Saturday PUNCH’s analysis of the bill revealed further that the chunk of the recurrent expenditure goes into personnel cost, comprising salaries, wages, allowances and social contributions, while a meagre amount goes into capital expenditure, forcing some of the security agencies to make part payments for security items they would have used to fight insecurity.
President Muhammadu Buhari had on Tuesday, October 8, presented the N10.33tn, comprising N4.88tn recurrent expenditure and N2.14tn capital expenditure, Appropriation Bill to a joint session of the National Assembly.
The President noted that the budget estimate was designed to be one of fiscal consolidation to strengthen the macroeconomic environment, invest in critical infrastructure, human capital development and enabling institutions.
But analysis of the Appropriation Bill revealed that the Ministry of Defence, comprising different operational units like the Army, Navy, Air Force, Defence Headquarters, Nigerian Defence Academy, Defence Intelligence Agency and 11 other units got a whopping N878,458,607,427 total allocation, the second highest allocation.
Of the total allocation, however, the recurrent expenditure stood at N778,589,343,660, representing 88.63 per cent while the capital expenditure is N99,869,263,767, representing 11.37 per cent.
In the recurrent expenditure, however, the total personnel cost, comprising salaries, wages, allowances and others, is put at N722,383,830,531bn, while the overhead cost for travels, transport, training, materials and services, is N56,205,513,129.
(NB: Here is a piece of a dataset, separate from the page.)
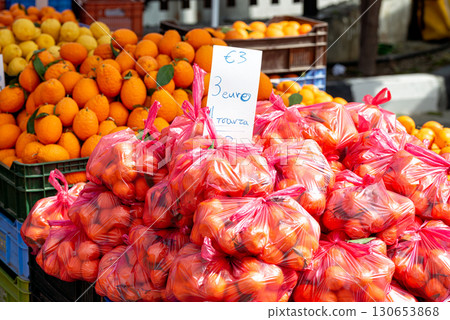 Fresh tangerines and oranges waiting for customers at the farmers market Fresh tangerines and oranges waiting for customers at the farmers market 130653868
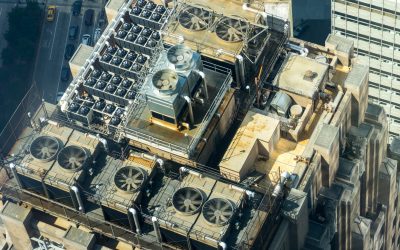 air conditioning units on the roof of a tall building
The remaining N99bn capital expenditure would, therefore, be used for the purchase of defence equipment, sea boats, rehabilitation of barracks across the six geo-political zones, procurement of ammunition, purchase of operational vehicles, among other things needed to fight insecurity and defend the Nigerian territory.
For example, the Nigerian Army, which got the highest allocation under the Defence Ministry, would get a total of N438.23bn.
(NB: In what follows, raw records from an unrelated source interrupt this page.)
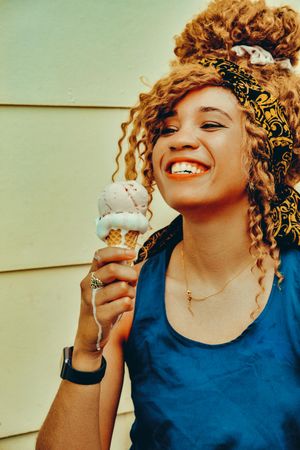 Vertical shot of smiling Black female enjoying an ice cream cone in the sun, copy space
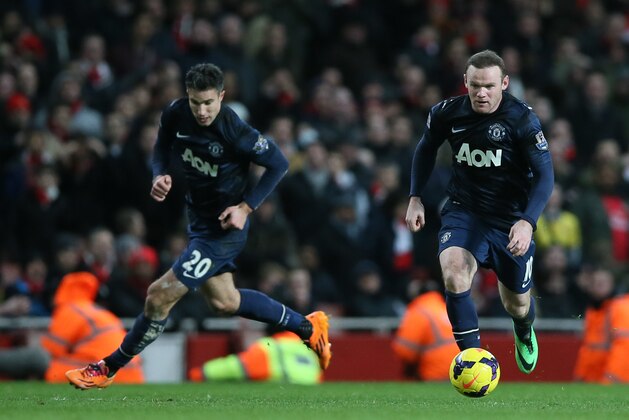 Manchester United's Wayne Rooney, right, takes the ball forward with teammate Robin Van Persie during their English Premier League soccer match between Arsenal and Manchester United at the Emirates stadium in London, Wednesday, Feb. 12, 2014. (AP Photo/Alastair Grant)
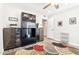 Bright office with a ceiling fan, light hardwood floors, and built-in shelving at 9926 W Lancaster Dr, Sun City, AZ 85351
While a whopping N424.03bn of the sum goes to recurrent expenditure, comprising N408.40bn for personnel cost (salaries, allowances, wages, etc), and N15.63bn for overhead cost, a meagre N14.20bn was budgeted for capital expenditure.
According to the breakdown in the estimate, the N14bn would be used for the purchase of arms, ammunition, armoured vehicles, spare parts, kitting general, construction of office and residential buildings (barracks) and renovation of destroyed Kur Mohammed Barracks, Bama, among other projects.
Similarly, for the Nigerian Air Force, which got the second highest share in the ministry, its total allocation was N137.87bn.
Out of this, N109.51bn was for recurrent expenditure, comprising N8.85bn overhead cost and a whopping N100.66bn personnel cost (for salaries, wages, allowances, etc), while a paltry N28.36bn is budgeted for capital expenditure.
The N28bn is expected to be used for the purchase of defence equipment, procurement of various small arms and ammunition, purchase of various aircraft and their spares, support equipment and their spares, part payment for procurement of 3 x jf – 17 thunder aircraft, part payment for periodic depot maintenance of 4 x f – 7ni aircraft, among others.
For the Nigerian Navy, which got the third highest share of the ministry’s allocation, the total allocation was N131.69bn, out of which N114.50bn was allocated for recurrent expenditure, comprising N106.76bn personnel cost (salaries, wages, allowances, etc) and N7.74bn overhead cost.
On the other hand, N17.19bn was budgeted for capital expenditure, specifically for the procurement of helicopters, landing ship tank, hydro survey ship, 8 x 17m inshore patrol craft, construction of barracks and the development of Naval War College, among others.
The tilted estimate is the same for many other operation units, like DIA, under the Defence Ministry.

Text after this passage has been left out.